Wednesday, December 5, 2012

Kuwait Is Next

We're watching the dominoes in the Arab world as they fall into place, moving the region closer and closer to an Islamic caliphate.  Egypt, Libya, Tunisia, Mali, and probably some others which I've forgotten, have all been lost to the Islamists.  Syria is close to that end result.  Now, Jordan and Kuwait, both considered to be moderate Muslim nations, are waiting in the wings.  Obama must be jumping up and down with joy.

Read from Atlas Shrugs:


MUSLIM BROTHERHOOD NOW TARGETS KUWAIT

And I'll bet you a highly inflated dollar that Obama backs the Muslim Brotherhood again in Kuwait (and Bahrain and Jordan and Syria, etc.).
How is the media going to sell this steaming pile of dung? Arab Spring? Or Islamic winter? Or will the media go into high gear whitewashing the Muslim Brotherhood, telling us how 'secular' they are?
"Muslim Brotherhood now targets Kuwait" Madhav Nalapat, Guardian (thanks to Tom)
Kuwait_election_1354379286
Members of the Muslim Brotherhood in Kuwait.
The Muslim Brotherhood succeeded in winning power in Egypt and Tunisia, and in ensuring the demise of Muammar Gaddafi and his regime. The next target was Syria, where the Brotherhood's sponsors in Ankara and Doha are working to ensure that Bashar Assad follows Gaddafi into the grave, no matter at what cost to the rest of the population.
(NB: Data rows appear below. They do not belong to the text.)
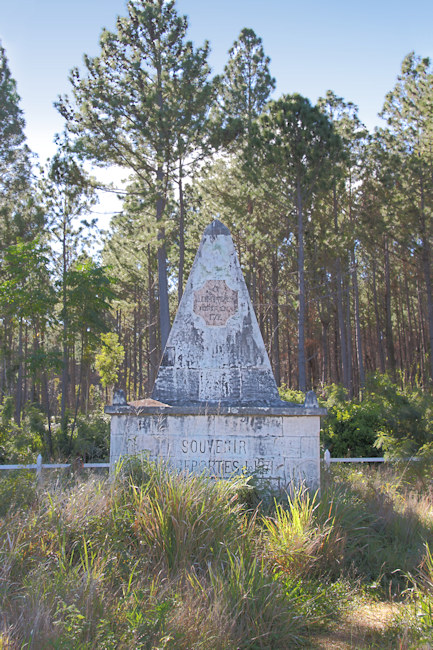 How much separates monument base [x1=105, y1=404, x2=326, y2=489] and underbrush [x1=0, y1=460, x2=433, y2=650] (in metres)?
0.70

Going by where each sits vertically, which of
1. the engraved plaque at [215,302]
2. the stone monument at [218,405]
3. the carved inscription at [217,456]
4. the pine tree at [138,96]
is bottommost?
the carved inscription at [217,456]

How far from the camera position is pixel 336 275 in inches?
907

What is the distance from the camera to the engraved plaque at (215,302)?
8.38 metres

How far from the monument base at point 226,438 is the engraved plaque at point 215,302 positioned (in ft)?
5.56

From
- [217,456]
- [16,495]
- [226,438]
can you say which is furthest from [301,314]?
[16,495]

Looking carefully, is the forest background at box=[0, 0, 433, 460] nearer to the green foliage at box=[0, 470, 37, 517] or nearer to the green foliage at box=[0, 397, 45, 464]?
the green foliage at box=[0, 397, 45, 464]

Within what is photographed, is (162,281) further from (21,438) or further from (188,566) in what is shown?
(188,566)

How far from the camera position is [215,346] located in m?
8.23

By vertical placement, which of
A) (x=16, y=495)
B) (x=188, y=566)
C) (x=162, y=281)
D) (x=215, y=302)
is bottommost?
(x=188, y=566)

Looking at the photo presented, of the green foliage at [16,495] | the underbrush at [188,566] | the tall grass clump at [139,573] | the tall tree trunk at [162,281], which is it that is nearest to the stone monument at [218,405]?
the underbrush at [188,566]

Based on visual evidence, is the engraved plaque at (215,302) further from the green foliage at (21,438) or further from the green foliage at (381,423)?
the green foliage at (21,438)

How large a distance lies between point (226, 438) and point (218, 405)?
45 centimetres

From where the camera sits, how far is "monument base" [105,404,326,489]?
7113mm

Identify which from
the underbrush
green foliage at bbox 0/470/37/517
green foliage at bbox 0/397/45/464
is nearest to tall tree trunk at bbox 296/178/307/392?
green foliage at bbox 0/397/45/464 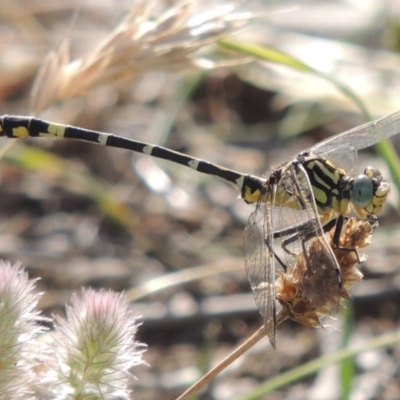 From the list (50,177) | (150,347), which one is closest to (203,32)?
(150,347)

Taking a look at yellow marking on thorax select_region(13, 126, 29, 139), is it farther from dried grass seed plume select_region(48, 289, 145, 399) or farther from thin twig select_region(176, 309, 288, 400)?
thin twig select_region(176, 309, 288, 400)

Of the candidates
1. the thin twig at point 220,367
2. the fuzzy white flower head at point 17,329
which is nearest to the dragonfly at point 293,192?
the thin twig at point 220,367

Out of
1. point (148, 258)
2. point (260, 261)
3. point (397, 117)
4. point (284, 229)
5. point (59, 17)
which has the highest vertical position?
point (59, 17)

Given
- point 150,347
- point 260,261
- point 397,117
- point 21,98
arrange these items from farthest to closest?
point 21,98 < point 150,347 < point 397,117 < point 260,261

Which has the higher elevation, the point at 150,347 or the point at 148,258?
the point at 148,258

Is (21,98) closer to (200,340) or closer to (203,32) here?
(200,340)

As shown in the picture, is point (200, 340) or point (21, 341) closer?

Although there was a time when the Brotherhood and the US opposed each other, these days there is forming a partnership between the two, which is reminiscent of the 1980s, when the Afghan war brought an immense volume of assistance to Wahhabism, in order to defeat the Soviets in Afghanistan. The blowback from that partnership has been a sharp rise in fundamentalism in Muslim-majority countries across the globe, and a consequent spread of both Khomeinism as well as Wahhabism across the world. Although 9/11 resulted in a snapping of ties between the US (and its allies) with the Wahhabis, the common battle against Gaddafi in Libya once again brought them closer, as has the joint operation to destroy the Assad regime in Syria.
It is this rejuvenated alliance between the NATO powers and the Wahhabis (including the Muslim Brotherhood in its numerous offshoots) that has been the cause of the uncharacteristic silence of Washington, Paris and London about the manner in which President Mohammad Morsi of Egypt has sought to make himself even more of a dictator in Egypt than Hosni Mubarak ever dared to be. While Adolf Hitler got passed an "Act for the Amelioration of the Suffering of the People" in 1933 that gave him total authority over the state, draining the same away from the legislature, Morsi has gone one better, getting a decree empowering himself to be passed by Morsi himself. The intention behind such a power grab is clearly to put in place a Constitution for Egypt which reflects the tenets of Wahhabism, and to ensure that the military, the judiciary and the legislature get cleansed of elements opposed to the complete takeover of a philosophy at odds not only with the spirit of liberalism but with the equalitarian tenets of the Muslim faith itself. Unlike Barack Obama, David Cameron or Francois Hollande, the people of Egypt have refused to accept a return to an authoritarian past that they had assumed had been buried with the Mubarak regime, and are using "street power" to challenge Morsi.